» **WORK ORDER**: Everything in the listing below except the pictures should be reproduced exactly.

=== AVAILABLE RECORDS ===

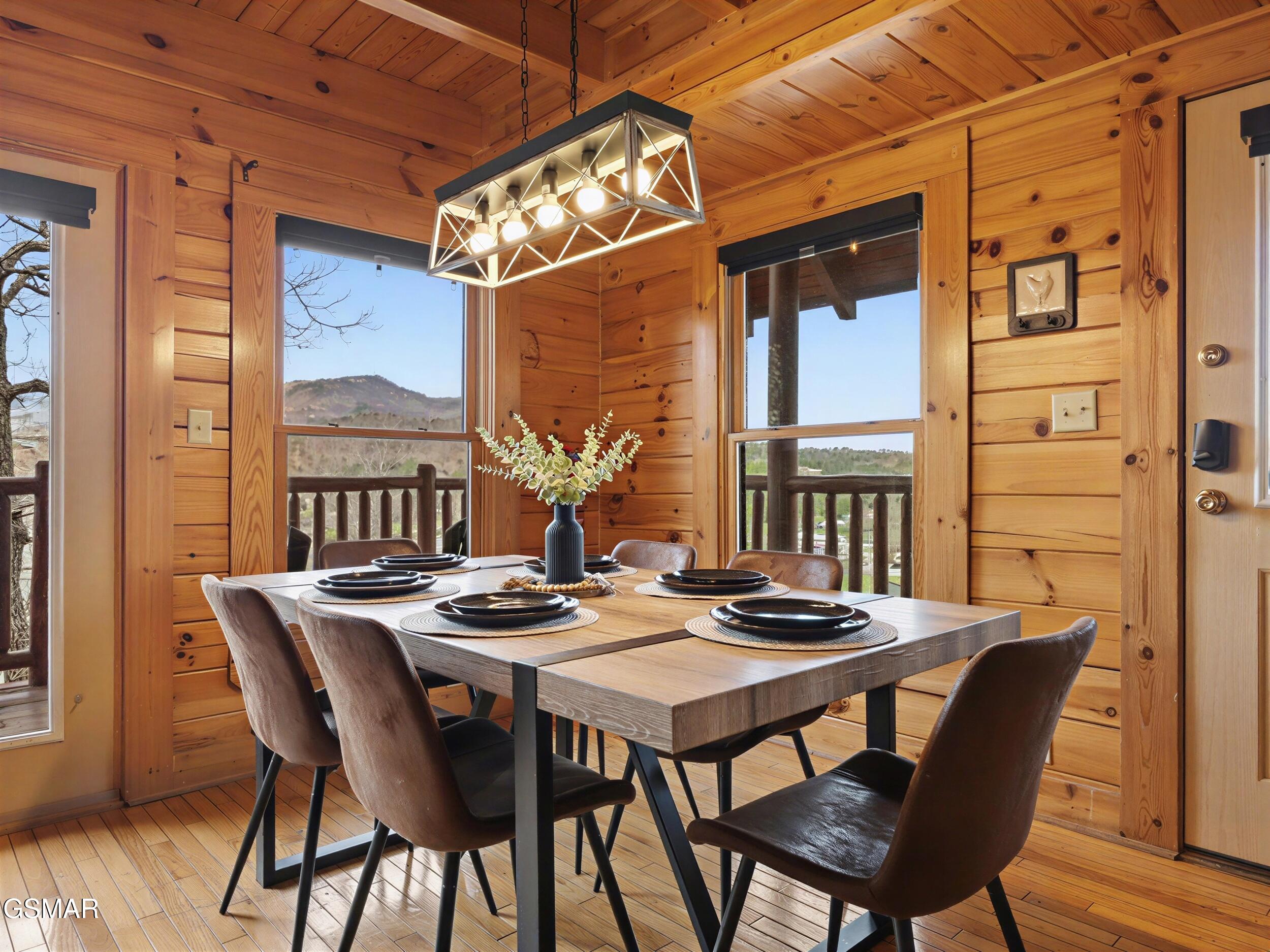 Sevierville, Tennessee, 37862, United States, 4 Bedrooms Bedrooms, ,3 BathroomsBathrooms,Residential,For Sale,2028418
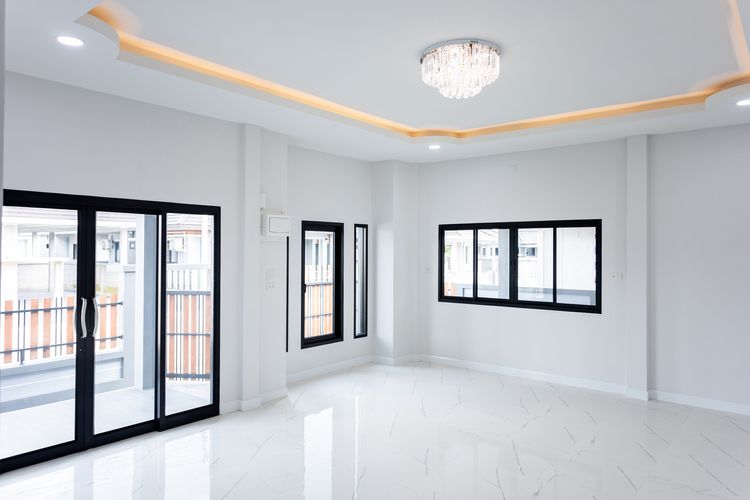 ภาพแบบบ้าน-แบบที่ 1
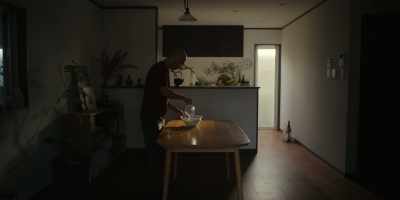 I was like,
"Oh, you can make bread at home." - Chef's Table: Pizza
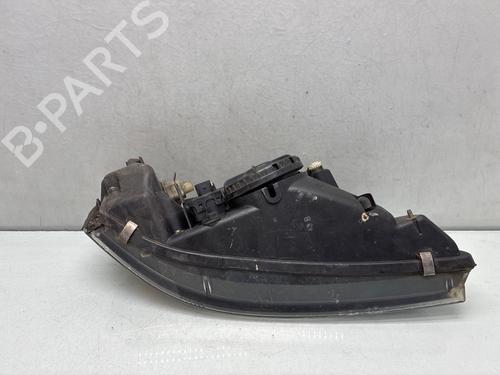 Left headlight MITSUBISHI SPACE STAR MPV (DG_A) 1.9 DI-D (DG4A) | BP39043593C28 - Image 3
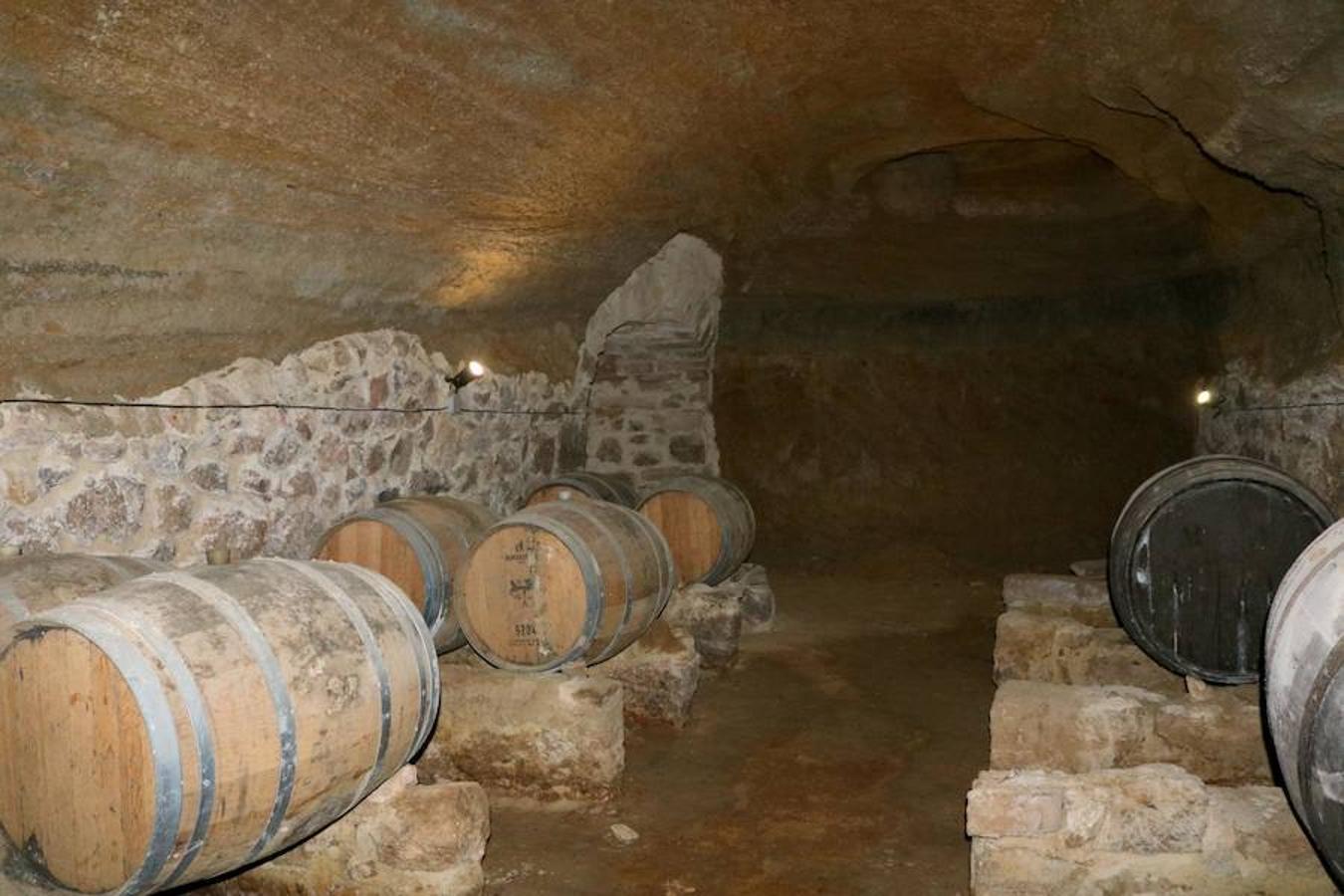 Visitar el Cerrato Palentino deja huella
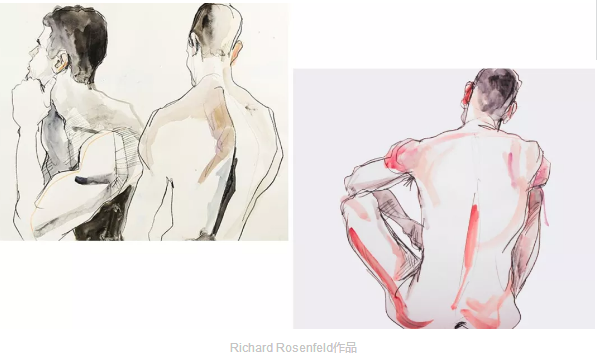 GAY为什么都是肌肉男呢？ | FAVOTELL 艺术 - 51虹马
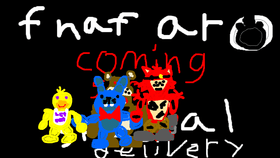 Fnaf ar trailer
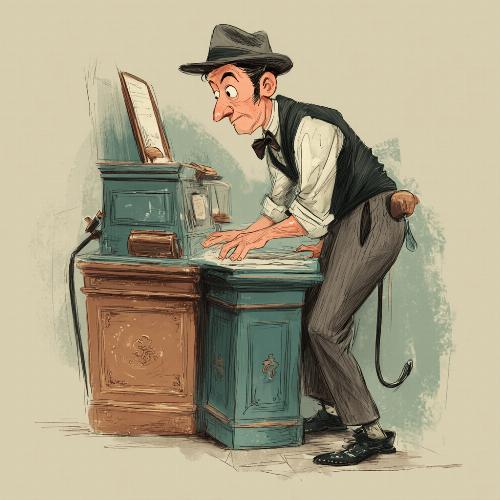Photo de profil de l'utilisateur Indiana Jones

===

» **RESPONSE BOX**:
 Sevierville, Tennessee, 37862, United States, 4 Bedrooms Bedrooms, ,3 BathroomsBathrooms,Residential,For Sale,2028418
 ภาพแบบบ้าน-แบบที่ 1
 I was like,
"Oh, you can make bread at home." - Chef's Table: Pizza
 Left headlight MITSUBISHI SPACE STAR MPV (DG_A) 1.9 DI-D (DG4A) | BP39043593C28 - Image 3
 Visitar el Cerrato Palentino deja huella
 GAY为什么都是肌肉男呢？ | FAVOTELL 艺术 - 51虹马
 Fnaf ar trailer
Photo de profil de l'utilisateur Indiana Jones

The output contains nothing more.